There is also the issue of competition, of which there is plenty. Places like WoTR and the Strategy Bridge, as well as blogs like Lawfare. Still, I really like SWJ for people who want to throw ideas out there and get a response from the field. It just seems that small wars and insurgency/counterinsurgency are not the hot topic. Nowadays, the areas of interest now are little green men and cyber.
I don't know about the camps, but agree there are other focus areas for those of us still working in this area. The COINdistas were incorrect in their assertions that war between states is a historical artifact and the future of conflict is COIN. Getting involved in some other country's internal affairs is always a choice, rarely a national security necessity. On the other hand, where I was wrong and the SWJ Eds were correct is that is we are at risk losing all the lessons related to small wars once again. We're off and running trying to implement the 3d Off Set Strategy, while the small war lessons have been sidelined. The balance that SecDef Gates pushed has never been achieved, instead we're on titter totter that doesn't titter. The fat guy is either small wars or conventional war, and the other guy is skinny whose feet never get to touch the ground. Until we see these two schools of thought as part of a greater whole instead of being antagonistic, we'll continue to struggle.

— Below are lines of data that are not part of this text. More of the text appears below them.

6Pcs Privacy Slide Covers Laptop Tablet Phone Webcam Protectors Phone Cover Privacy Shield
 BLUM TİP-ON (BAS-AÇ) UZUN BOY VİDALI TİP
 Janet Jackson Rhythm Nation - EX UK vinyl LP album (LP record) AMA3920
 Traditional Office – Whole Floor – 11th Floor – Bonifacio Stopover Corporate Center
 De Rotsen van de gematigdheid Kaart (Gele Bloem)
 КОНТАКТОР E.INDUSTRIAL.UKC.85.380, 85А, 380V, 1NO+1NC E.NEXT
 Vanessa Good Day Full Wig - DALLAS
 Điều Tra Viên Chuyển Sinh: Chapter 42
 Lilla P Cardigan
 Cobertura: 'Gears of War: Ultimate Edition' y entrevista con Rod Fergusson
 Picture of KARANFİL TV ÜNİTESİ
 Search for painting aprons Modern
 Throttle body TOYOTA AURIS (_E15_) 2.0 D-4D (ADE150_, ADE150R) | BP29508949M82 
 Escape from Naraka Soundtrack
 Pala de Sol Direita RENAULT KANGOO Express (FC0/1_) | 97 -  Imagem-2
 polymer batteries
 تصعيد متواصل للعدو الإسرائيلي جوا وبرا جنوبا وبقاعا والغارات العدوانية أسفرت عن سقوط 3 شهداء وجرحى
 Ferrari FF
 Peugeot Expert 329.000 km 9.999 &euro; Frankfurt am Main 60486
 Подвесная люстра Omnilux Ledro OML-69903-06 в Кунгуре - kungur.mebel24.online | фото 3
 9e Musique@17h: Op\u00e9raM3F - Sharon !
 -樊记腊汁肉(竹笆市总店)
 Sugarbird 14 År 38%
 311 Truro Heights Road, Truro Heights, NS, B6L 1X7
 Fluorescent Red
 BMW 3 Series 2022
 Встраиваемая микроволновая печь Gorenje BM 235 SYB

Overall, and perhaps it is just me, we have discussed tactics at length. I have learned much from those discussions. However, there seems to be a growing sense of frustration that regardless of how skilled our men and women are on the tip of the spear, it often seems for naught when our political leadership is strategically adrift. It may even get worse as our national rhetoric approaches a level of hubris we haven't seen since Dick Cheney was VP.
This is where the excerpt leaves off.